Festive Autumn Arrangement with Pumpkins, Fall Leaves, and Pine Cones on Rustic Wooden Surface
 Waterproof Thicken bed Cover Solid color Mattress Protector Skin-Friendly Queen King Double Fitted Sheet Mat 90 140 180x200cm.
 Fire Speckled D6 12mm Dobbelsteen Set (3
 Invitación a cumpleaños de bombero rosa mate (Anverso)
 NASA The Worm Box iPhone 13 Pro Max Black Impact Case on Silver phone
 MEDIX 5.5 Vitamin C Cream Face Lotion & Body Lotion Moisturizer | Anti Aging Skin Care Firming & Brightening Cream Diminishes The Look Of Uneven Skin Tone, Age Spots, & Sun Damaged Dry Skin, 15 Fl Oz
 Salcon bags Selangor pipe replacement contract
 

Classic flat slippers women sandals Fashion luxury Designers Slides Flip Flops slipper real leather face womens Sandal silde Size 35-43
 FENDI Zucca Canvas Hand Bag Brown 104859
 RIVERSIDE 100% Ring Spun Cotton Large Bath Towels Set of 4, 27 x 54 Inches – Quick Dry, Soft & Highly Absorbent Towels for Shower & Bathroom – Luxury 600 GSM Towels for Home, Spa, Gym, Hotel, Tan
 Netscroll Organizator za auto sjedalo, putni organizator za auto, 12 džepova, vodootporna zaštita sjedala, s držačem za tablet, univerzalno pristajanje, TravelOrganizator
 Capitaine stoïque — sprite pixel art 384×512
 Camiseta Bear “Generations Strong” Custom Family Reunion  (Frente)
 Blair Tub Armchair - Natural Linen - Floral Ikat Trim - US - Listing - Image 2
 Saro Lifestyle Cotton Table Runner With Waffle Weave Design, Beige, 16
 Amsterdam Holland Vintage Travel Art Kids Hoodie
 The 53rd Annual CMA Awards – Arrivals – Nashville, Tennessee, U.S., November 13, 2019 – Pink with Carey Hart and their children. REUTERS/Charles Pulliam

# What the task asks:
As the answer, set down only the lines from the data above between the one holding "Waterproof Thicken bed" and the one holding "Salcon bags Selangor", inclusive, exactly as they read.

# Exercise result:
 Waterproof Thicken bed Cover Solid color Mattress Protector Skin-Friendly Queen King Double Fitted Sheet Mat 90 140 180x200cm.
 Fire Speckled D6 12mm Dobbelsteen Set (3
 Invitación a cumpleaños de bombero rosa mate (Anverso)
 NASA The Worm Box iPhone 13 Pro Max Black Impact Case on Silver phone
 MEDIX 5.5 Vitamin C Cream Face Lotion & Body Lotion Moisturizer | Anti Aging Skin Care Firming & Brightening Cream Diminishes The Look Of Uneven Skin Tone, Age Spots, & Sun Damaged Dry Skin, 15 Fl Oz
 Salcon bags Selangor pipe replacement contract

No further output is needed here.